Braintrust reports unauthorized AWS-account access and tells customers to rotate provider keys
Braintrust said an internal AWS account was accessed without authorization, notified one affected customer, and told users to rotate org-level AI provider keys. The incident matters because teams storing shared model credentials in Braintrust may need immediate secret rotation while the investigation continues.

TL;DR
- Braintrust said braintrust's incident post disclosed unauthorized access to an internal AWS account and that it had contacted one impacted customer.
- In the same thread, braintrust's key-rotation instructions told customers with org-level AI provider keys stored in Braintrust to rotate and revoke those secrets.
- The company linked a live security bulletin in braintrust's incident post and said in braintrust's follow-up that the investigation is still ongoing.

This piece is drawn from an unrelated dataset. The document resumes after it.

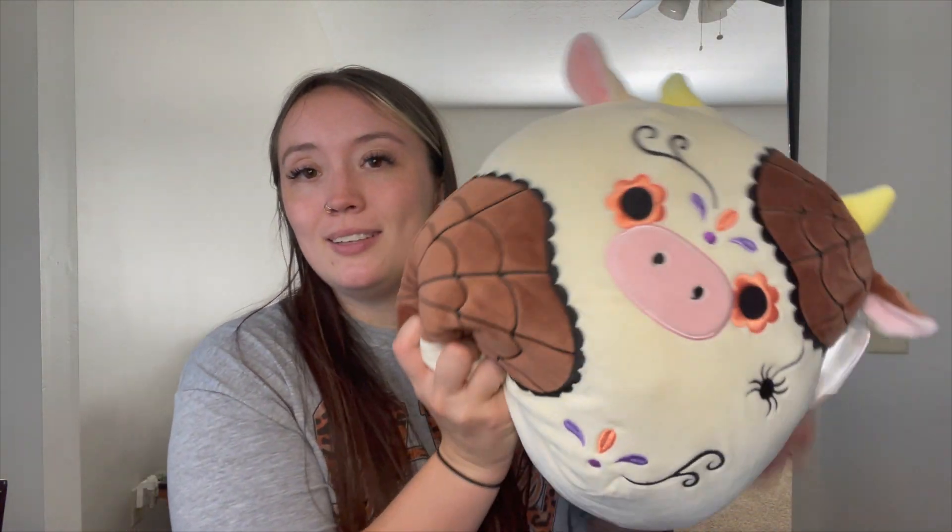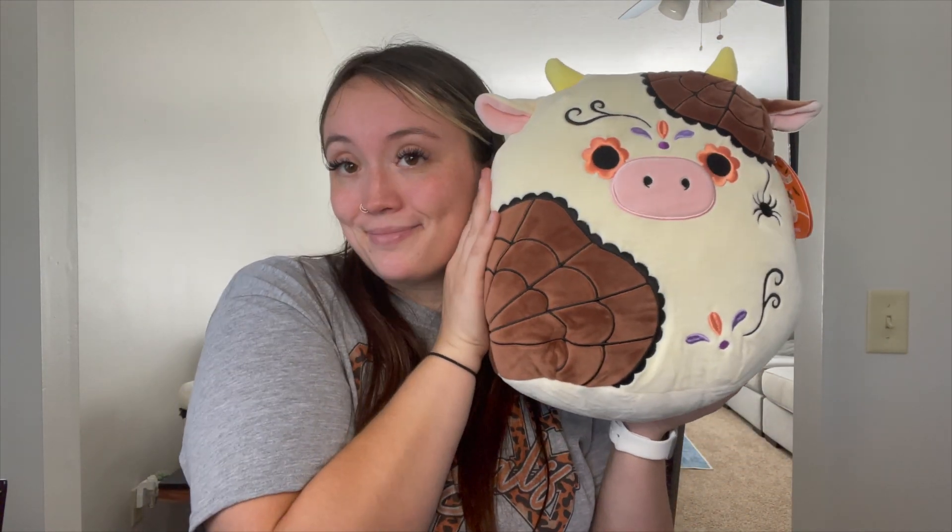I also want to show you guys the squishmallow I got — look how cute, it's a Halloween cow! Cows are my favorite, and this is basically me as a squishmallow — twins. So I know this video is kind of all over the place, but I wanted simple, easy, inexpensive meals because I'm trying to save money — Scott and I are going to the Dominican Republic in December, so penny pinching it is. If you liked this video, give it a thumbs up and comment what you're eating this week for inspo. As always, remember every day is a new day to pop, lock, and drop those pounds. Bye guys!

From braintrust's initial disclosure, the useful detail is the narrow scope Braintrust described so far: one impacted customer, no evidence of broader exposure to date, and a specific warning about org-level provider credentials. The linked security bulletin is where Braintrust said it would post updates, while the rotation instructions point users directly to the org secrets settings page.
AWS account access
Braintrust said an internal AWS account was accessed without authorization, according to braintrust's incident post. The company also said it had already communicated with one impacted customer and had not found evidence of broader exposure at the time of posting.
That makes this a credentials story as much as an infrastructure story. The first public guidance in braintrust's thread opener was the link to Braintrust's security bulletin, not a root-cause explanation.
Provider key rotation
Braintrust's most concrete action item came from the second thread post, which specifically called out org-level AI provider keys stored in Braintrust.
It told customers to:
- visit the org secrets settings page
- rotate each secret on the corresponding AI provider page
- delete or revoke the existing secret
- confirm the replacement secrets show they were configured that day
The wording matters. Braintrust did not issue a blanket rotate-everything message in the tweet thread. It named org-level AI provider keys in Braintrust as the precautionary target.
Investigation status
In braintrust's follow-up, the company said the investigation remained ongoing and that it would keep updating the security bulletin with more information. The same post said the team had already communicated details to customers and was available for questions.
That follow-up adds one fact not present in the first post: Braintrust framed the bulletin as the continuing source of record for incident updates, not just the place where the disclosure first appeared.